The reason Jacob Zuma, Oscar Pistorius and Shrien Dewani make us all so cross is because we know they’re lying and we know we wouldn’t get away with those kinds of lies if we tried them. Imagine someone builds you a R240-million house, all you have to do is lie that you didn’t ask for all the extravagances, and they’ll shut up and pay – and because people are scared of you, you’ll get away with it. Imagine you kill your girlfriend, lie that you thought it was a burglar, hire some lawyers and cry a lot – because you’re a celebrity and people are stupid, some of them will believe you. Imagine you hire killers on the Cape Flats to murder your wife and then tell everyone you have mental illness and suicidal tendencies in order to delay your extradition to a trial – and waste two years before you’re eventually made to explain yourself. These people annoy us because common sense tells us they’re bullshitting and yet, in civilised societies we’re not allowed to point fingers. We want to point fingers. We need to point fingers.

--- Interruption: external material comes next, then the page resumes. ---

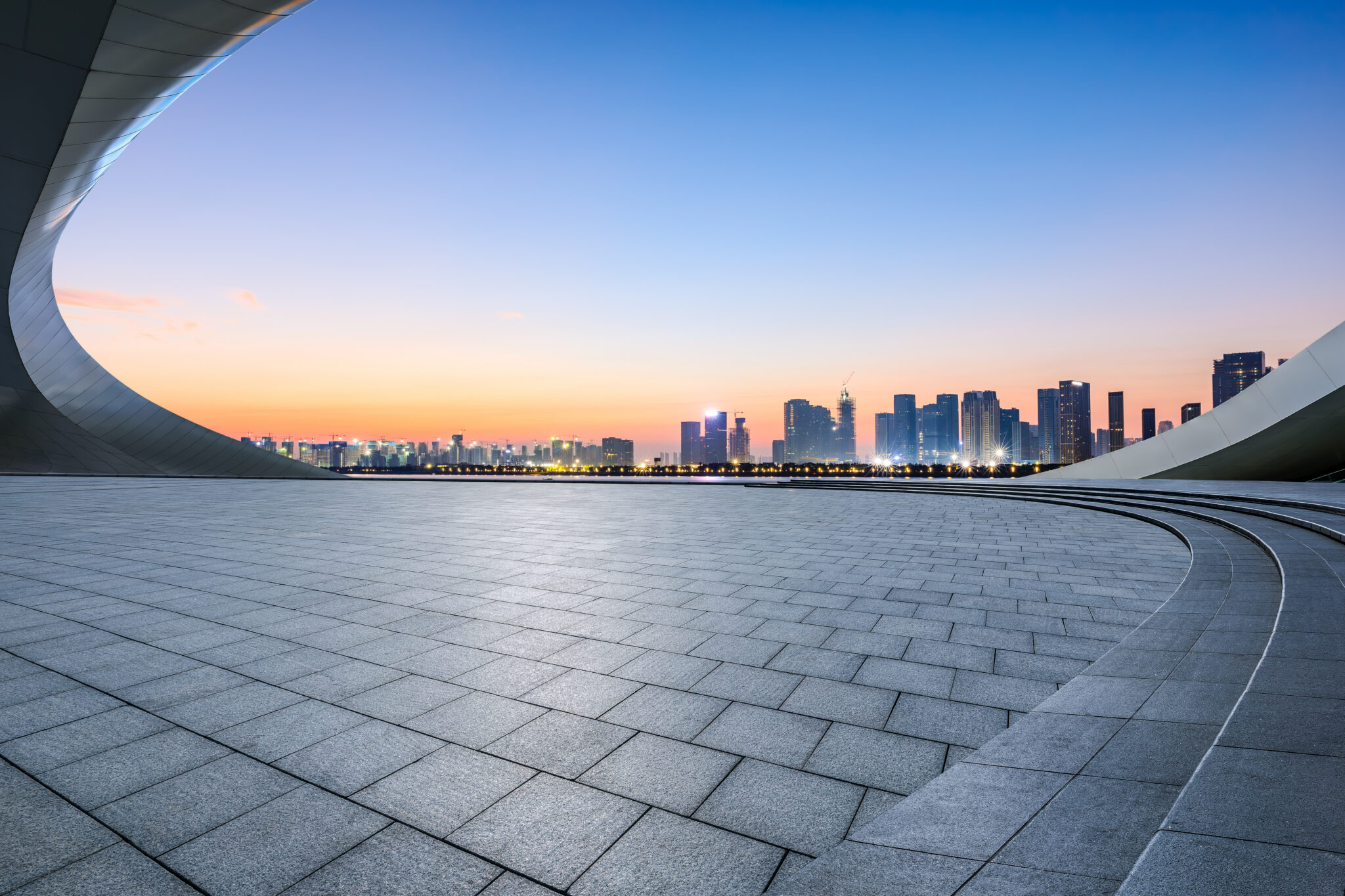 City skyline at dusk framed by curved modern architecture.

People (especially pious people) keep telling me not to judge. Judging is what got us to this point in our evolution. You judge the distance between the sabre-tooth tiger and the tree, and you make a dash for it. You judge that the ledge is too high to jump off of, and you survive. You judge another person’s trustworthiness and you either do business with them or you don’t. When people tell you not to judge, they usually mean you shouldn’t criticise them or their decisions – or a situation where they have the opposite opinion to yours.
The onus also seems to have shifted in cases where someone is caught in a web of lies. There seems to be either a lack of authority about the truth or a lack of accountability for it everywhere. Either way, if you accuse someone of talking nonsense, somehow you’re the bad guy. It should be the other way round, don’t you think?

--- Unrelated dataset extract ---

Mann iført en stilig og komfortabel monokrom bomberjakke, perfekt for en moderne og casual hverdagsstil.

Imagine you’re at a lunch and some guy can’t shut up about how he just bought a McLaren or owns a house in Italy. You know this is patently untrue. Something we’re taught from childhood seems to make us want to shut up and tolerate this kind of pea-cocking. What really should happen is that you should get up and tell the guy in question to stop talking rubbish. Nobody does that. If they do, people round the table might actually think he’s the rude one. Unless you come like Gerrie Nel, armed with files and photos and bloodstained duvets that prove someone is being dishonest, you should humble yourself and let them keep mouthing off. The difference between truth, fiction and opinion is so blurred.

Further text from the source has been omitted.